Vegan Nasi Goreng Inspired Rice Bowl
Recipe by Suze Morrison, Gourmet Glow | Photography by Lara Jane Thorpe
Ingredients:
240g Cooked Basmati Rice, cold
400g Firm Tofu, grated on a box grater
1 Red chilli, finely sliced
6 Spring Onions, finely sliced
A large handful of Green Beans, sliced
1 Red Pepper, sliced
1 Bunch Radish, thinly sliced
200g Tender stem Broccoli
50g Watercress
2tbsp Rapeseed Oil
¼ tsp Turmeric, ground
2 tbsp Kecap Manis or 2 tbsp Soy + 1tsp Coconut sugar
2 tbsp Soy
1 tsp Tomato Puree
1 Lime
2 tbsp Sambal Oelek/ Chilli Paste
Coriander, Crispy shallots and Lime wedges to serve
Method:
Begin with the lime. Cut into 6 wedges and heat the grill the high. Grill the wedges until charred and set aside.
Heat the oil in a large wok, fry the tofu until the moisture has evaporated and it becomes crisp.
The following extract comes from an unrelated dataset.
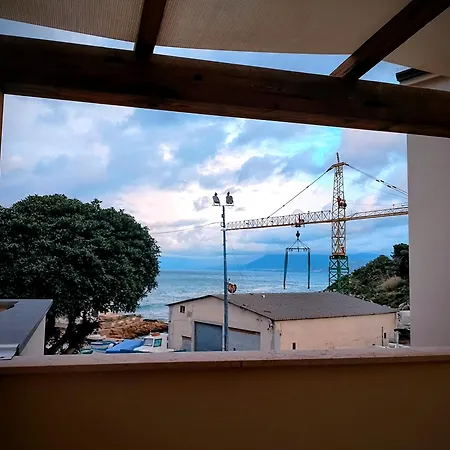 Lo Specchio Sul Mare Vendégház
Scoop out, leaving the oil and set aside.
Fry the spring onions for 2-3 minutes or until tender. Add the chili and turmeric and fry 2 minutes more. Add in the pepper, beans, radish and broccoli and cook for 2 minutes more.
Now add the rice and tofu to the pan. Break up any large clumps and combine all the ingredients thoroughly. You need to make sure the rice is piping hot all the way through.
Add the kecap manis, soy, tomato puree and the juice of two of the charred lime wedges. Stir through before adding the sambal oelek. Stir through the watercress
Divide the hot rice between 4 dishes, top with coriander, crispy shallots and extra charred limes.